• WHAT YOU ARE ASKED TO DO: Among the lines below, output only those between the line holding "gato? Foto: ¿El" and the line holding "Chow Chow Puppies", inclusive, exactly as written and with no pictures.
START DATA TO PROCESS
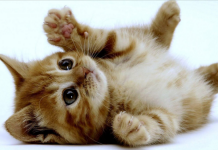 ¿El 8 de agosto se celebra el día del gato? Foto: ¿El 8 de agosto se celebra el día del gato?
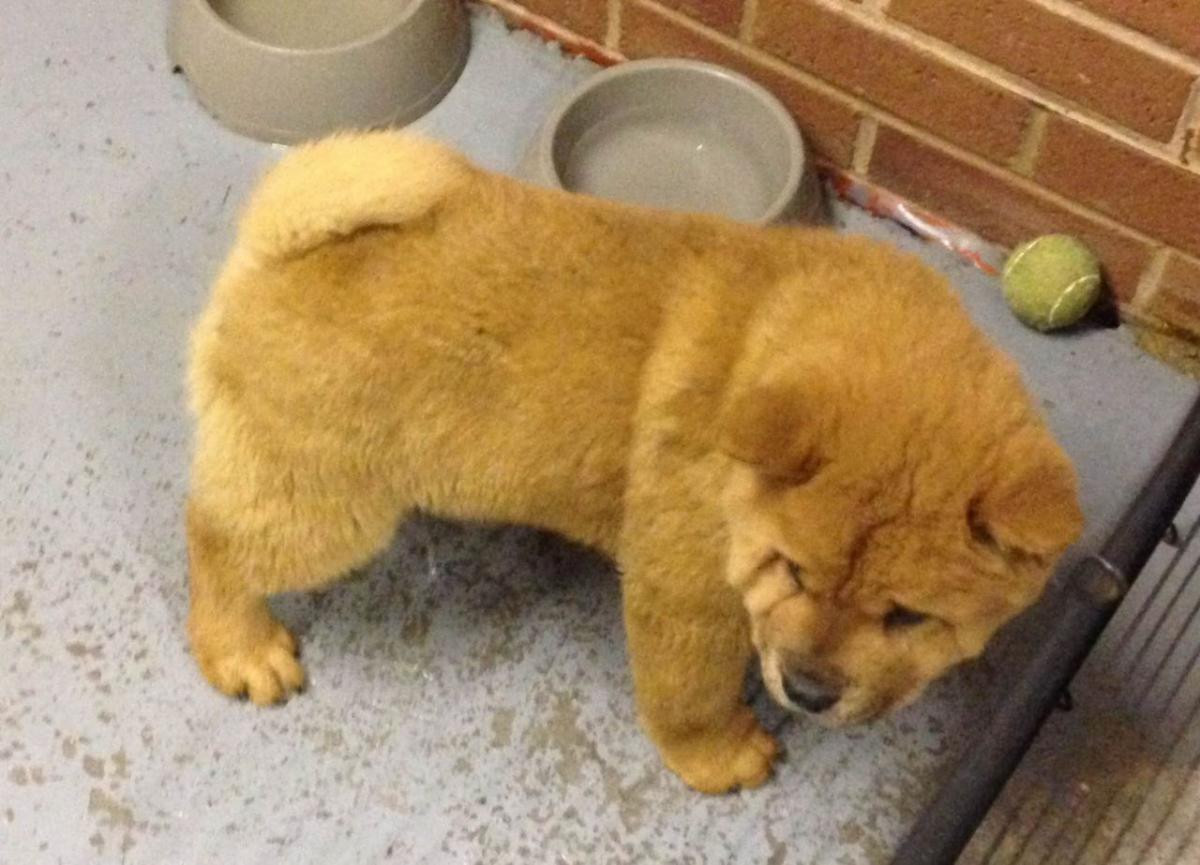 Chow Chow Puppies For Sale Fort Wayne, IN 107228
END DATA TO PROCESS
START DATA TO PROCESS
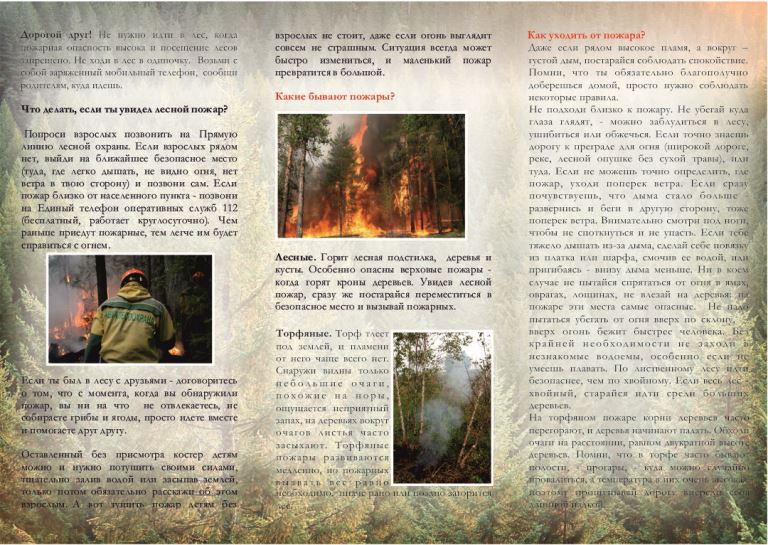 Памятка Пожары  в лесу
END DATA TO PROCESS
START DATA TO PROCESS
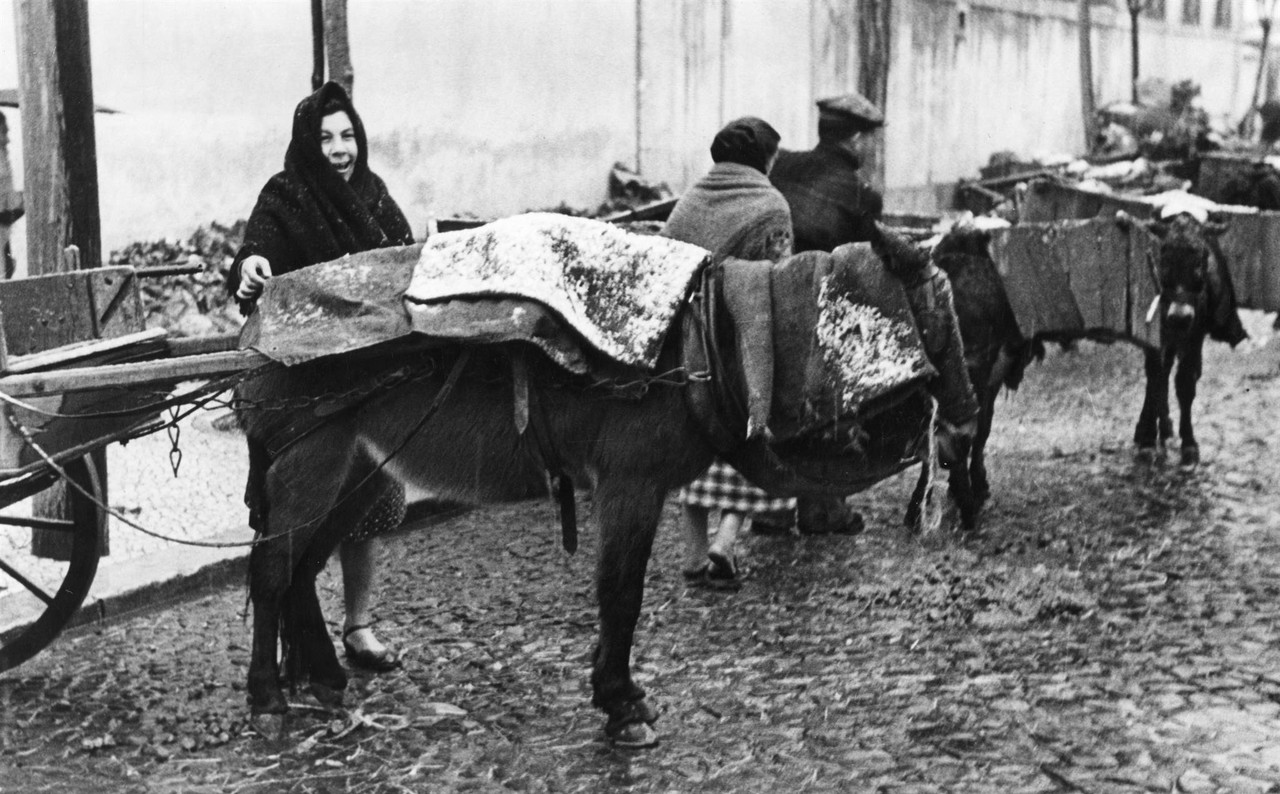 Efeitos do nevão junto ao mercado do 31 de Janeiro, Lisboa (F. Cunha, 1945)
END DATA TO PROCESS
• RESULT:
 ¿El 8 de agosto se celebra el día del gato? Foto: ¿El 8 de agosto se celebra el día del gato?
 Chow Chow Puppies For Sale Fort Wayne, IN 107228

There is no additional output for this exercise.